Instructions to follow:
For the records that follow, please set down exactly the lines between the one holding "the cuore experiment" and the one holding "Pikachu Zubat Halloween", inclusive, and only those.

Materials provided:
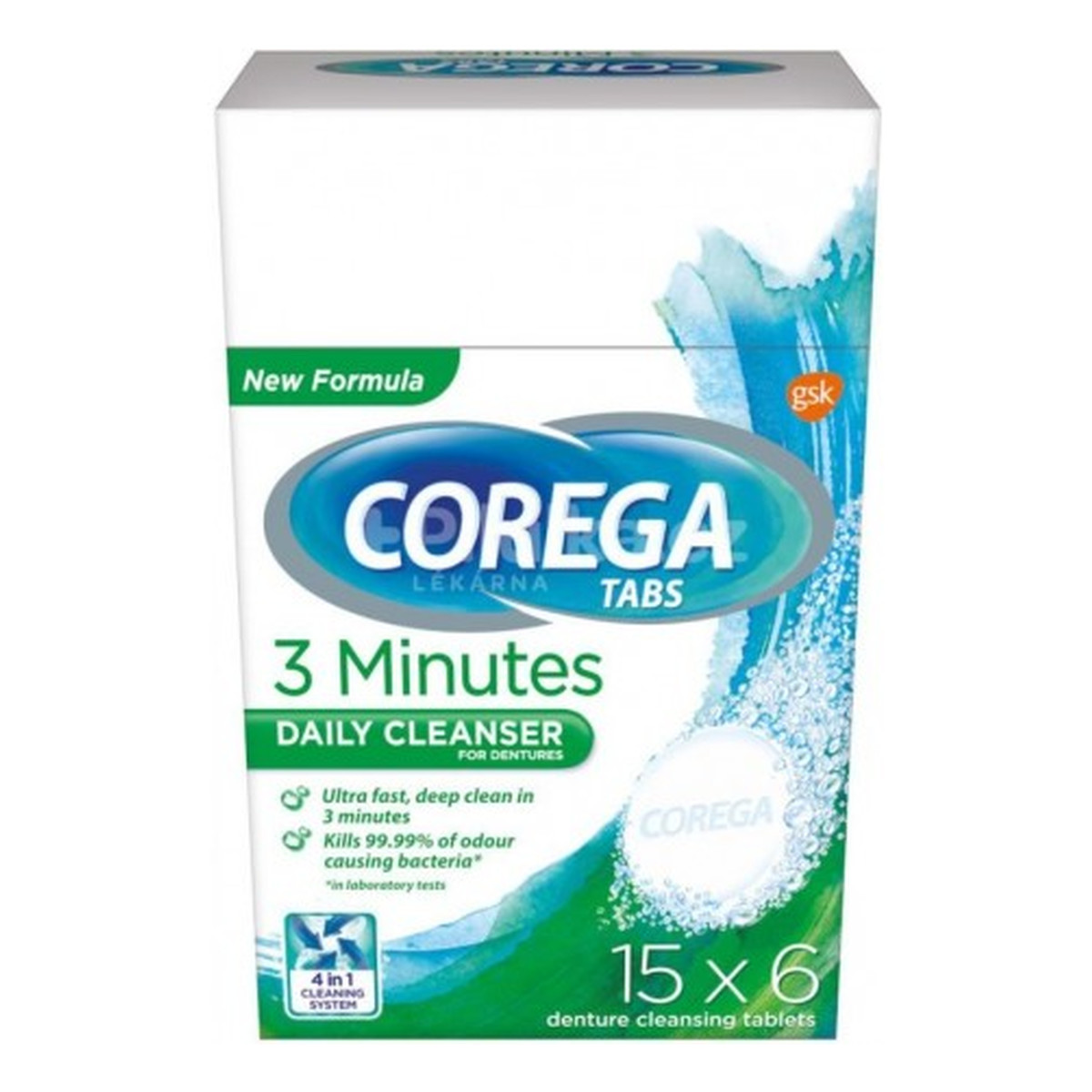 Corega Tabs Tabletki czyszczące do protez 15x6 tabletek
---
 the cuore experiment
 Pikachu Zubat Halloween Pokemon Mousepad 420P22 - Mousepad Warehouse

Written reply:
 the cuore experiment
 Pikachu Zubat Halloween Pokemon Mousepad 420P22 - Mousepad Warehouse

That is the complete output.